Start of Data for the task
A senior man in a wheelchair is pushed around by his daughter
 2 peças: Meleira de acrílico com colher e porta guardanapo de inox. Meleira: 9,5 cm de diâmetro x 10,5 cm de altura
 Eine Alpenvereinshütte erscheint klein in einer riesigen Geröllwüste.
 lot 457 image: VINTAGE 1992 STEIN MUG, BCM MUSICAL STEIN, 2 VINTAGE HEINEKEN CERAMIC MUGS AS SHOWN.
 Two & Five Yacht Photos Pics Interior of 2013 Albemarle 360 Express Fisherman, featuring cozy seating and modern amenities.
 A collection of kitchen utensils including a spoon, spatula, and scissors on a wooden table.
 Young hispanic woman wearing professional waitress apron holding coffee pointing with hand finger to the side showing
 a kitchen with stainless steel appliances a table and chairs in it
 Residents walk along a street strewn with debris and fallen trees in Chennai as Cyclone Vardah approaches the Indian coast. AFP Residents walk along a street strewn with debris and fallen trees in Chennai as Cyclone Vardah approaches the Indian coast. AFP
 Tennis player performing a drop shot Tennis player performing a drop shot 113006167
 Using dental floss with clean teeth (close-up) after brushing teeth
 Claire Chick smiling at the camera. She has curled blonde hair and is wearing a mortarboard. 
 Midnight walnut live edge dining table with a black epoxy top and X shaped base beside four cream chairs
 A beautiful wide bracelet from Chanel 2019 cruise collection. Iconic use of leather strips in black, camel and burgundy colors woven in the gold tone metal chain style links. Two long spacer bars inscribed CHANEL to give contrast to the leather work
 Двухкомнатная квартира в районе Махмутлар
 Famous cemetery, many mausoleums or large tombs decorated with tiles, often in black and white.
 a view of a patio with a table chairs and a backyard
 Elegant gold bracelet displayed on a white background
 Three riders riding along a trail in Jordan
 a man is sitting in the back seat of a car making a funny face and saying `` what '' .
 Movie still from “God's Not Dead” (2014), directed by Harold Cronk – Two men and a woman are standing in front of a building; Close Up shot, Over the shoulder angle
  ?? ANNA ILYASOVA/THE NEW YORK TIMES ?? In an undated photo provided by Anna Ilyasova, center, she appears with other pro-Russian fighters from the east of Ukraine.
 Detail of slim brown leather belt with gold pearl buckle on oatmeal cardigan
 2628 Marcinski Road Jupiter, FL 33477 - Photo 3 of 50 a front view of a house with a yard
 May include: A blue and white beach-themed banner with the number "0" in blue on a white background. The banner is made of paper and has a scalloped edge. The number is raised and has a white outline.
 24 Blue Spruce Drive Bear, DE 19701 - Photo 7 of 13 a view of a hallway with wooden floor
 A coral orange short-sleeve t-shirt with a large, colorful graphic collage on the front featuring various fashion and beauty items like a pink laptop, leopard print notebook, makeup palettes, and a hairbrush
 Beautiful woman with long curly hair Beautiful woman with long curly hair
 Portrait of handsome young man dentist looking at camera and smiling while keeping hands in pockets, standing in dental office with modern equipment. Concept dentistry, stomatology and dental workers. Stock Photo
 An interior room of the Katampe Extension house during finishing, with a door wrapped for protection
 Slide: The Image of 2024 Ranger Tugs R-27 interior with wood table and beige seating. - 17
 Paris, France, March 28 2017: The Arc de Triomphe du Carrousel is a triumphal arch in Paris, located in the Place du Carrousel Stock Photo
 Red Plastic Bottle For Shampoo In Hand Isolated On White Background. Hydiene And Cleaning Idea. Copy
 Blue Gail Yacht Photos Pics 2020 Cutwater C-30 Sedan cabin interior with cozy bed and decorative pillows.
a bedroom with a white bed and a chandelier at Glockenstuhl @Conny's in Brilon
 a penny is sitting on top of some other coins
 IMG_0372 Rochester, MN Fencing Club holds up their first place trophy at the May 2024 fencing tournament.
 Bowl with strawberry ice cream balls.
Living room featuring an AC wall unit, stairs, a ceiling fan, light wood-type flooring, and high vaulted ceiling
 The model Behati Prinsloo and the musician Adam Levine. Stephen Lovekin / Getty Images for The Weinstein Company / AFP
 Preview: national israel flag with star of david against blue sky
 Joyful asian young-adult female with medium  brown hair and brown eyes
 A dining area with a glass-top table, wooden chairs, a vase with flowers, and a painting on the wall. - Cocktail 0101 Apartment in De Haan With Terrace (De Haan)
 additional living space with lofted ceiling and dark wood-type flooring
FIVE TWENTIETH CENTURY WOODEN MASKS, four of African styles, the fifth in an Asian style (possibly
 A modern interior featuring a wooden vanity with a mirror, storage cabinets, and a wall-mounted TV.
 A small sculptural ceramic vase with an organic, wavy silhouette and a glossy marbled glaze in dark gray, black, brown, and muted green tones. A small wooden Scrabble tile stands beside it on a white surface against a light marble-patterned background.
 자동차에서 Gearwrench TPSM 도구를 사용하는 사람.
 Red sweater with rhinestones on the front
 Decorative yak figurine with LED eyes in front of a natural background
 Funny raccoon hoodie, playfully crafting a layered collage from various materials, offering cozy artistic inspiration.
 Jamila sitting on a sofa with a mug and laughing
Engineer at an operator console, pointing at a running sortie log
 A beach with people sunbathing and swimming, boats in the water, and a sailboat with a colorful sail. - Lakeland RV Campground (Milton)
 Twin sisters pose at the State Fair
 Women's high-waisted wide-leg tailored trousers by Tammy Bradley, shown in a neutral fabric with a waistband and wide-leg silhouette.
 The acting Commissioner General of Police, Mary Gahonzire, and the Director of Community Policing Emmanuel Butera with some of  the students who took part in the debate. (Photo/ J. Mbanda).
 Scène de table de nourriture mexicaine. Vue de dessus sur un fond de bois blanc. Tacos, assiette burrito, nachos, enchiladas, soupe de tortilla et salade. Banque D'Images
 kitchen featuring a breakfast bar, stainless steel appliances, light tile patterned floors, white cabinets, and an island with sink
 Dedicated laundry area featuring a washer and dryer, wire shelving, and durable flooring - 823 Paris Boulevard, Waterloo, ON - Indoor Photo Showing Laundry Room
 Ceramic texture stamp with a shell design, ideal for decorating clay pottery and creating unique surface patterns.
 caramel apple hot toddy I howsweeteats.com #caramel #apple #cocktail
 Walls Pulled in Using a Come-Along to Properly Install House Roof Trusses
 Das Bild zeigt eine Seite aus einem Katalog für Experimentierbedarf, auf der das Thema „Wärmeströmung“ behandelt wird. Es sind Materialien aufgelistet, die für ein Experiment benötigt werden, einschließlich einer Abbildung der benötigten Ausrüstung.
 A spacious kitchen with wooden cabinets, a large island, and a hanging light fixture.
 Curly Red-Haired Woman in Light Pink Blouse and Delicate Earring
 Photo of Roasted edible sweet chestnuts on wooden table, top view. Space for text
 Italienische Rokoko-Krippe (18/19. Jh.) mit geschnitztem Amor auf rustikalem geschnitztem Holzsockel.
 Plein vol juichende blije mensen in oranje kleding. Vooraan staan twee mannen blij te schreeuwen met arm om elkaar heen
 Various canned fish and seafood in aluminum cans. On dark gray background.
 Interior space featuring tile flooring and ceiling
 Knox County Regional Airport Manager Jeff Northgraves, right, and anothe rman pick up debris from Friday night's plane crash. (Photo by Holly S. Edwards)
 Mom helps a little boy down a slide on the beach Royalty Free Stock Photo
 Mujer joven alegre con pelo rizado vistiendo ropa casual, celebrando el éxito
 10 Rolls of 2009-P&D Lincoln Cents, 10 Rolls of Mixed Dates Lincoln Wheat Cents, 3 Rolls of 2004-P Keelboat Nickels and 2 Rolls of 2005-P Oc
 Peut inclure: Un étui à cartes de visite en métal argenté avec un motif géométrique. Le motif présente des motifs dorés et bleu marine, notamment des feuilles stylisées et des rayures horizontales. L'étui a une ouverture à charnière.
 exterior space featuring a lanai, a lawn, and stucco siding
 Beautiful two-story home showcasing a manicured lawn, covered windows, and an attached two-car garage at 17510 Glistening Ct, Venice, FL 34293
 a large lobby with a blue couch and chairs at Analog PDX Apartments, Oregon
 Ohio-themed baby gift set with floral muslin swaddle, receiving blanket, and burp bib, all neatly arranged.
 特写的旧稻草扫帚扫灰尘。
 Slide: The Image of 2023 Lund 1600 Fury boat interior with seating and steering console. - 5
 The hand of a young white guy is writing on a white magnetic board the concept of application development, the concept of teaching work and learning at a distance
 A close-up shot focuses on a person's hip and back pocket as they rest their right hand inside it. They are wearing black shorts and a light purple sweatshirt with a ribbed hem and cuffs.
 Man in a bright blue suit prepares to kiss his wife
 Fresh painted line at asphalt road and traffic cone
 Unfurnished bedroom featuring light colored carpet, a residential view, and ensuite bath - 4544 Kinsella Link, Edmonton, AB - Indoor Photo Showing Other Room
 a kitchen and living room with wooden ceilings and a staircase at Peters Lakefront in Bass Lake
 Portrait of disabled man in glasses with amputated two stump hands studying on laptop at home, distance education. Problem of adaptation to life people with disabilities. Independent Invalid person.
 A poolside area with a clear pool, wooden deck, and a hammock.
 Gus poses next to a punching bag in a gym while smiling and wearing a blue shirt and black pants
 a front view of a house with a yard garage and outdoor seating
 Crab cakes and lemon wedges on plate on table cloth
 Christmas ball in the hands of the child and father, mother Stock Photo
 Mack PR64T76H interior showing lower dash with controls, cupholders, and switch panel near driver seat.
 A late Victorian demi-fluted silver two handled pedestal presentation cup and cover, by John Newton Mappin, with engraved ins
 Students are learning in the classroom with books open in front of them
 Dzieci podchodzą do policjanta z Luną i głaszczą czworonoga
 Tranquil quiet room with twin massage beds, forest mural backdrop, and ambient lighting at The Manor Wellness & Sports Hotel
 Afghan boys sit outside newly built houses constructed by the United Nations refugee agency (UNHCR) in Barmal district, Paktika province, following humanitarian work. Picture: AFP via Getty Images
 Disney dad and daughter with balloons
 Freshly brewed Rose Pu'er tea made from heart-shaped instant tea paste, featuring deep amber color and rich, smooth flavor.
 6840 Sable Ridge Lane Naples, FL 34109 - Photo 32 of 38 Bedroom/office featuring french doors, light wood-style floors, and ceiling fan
End of Data for the task
To do
Copy out the lines above exactly, beginning at the one that contains "Knox County Regional" and ending at the one that contains "Peut inclure: Un".

Task result
 Knox County Regional Airport Manager Jeff Northgraves, right, and anothe rman pick up debris from Friday night's plane crash. (Photo by Holly S. Edwards)
 Mom helps a little boy down a slide on the beach Royalty Free Stock Photo
 Mujer joven alegre con pelo rizado vistiendo ropa casual, celebrando el éxito
 10 Rolls of 2009-P&D Lincoln Cents, 10 Rolls of Mixed Dates Lincoln Wheat Cents, 3 Rolls of 2004-P Keelboat Nickels and 2 Rolls of 2005-P Oc
 Peut inclure: Un étui à cartes de visite en métal argenté avec un motif géométrique. Le motif présente des motifs dorés et bleu marine, notamment des feuilles stylisées et des rayures horizontales. L'étui a une ouverture à charnière.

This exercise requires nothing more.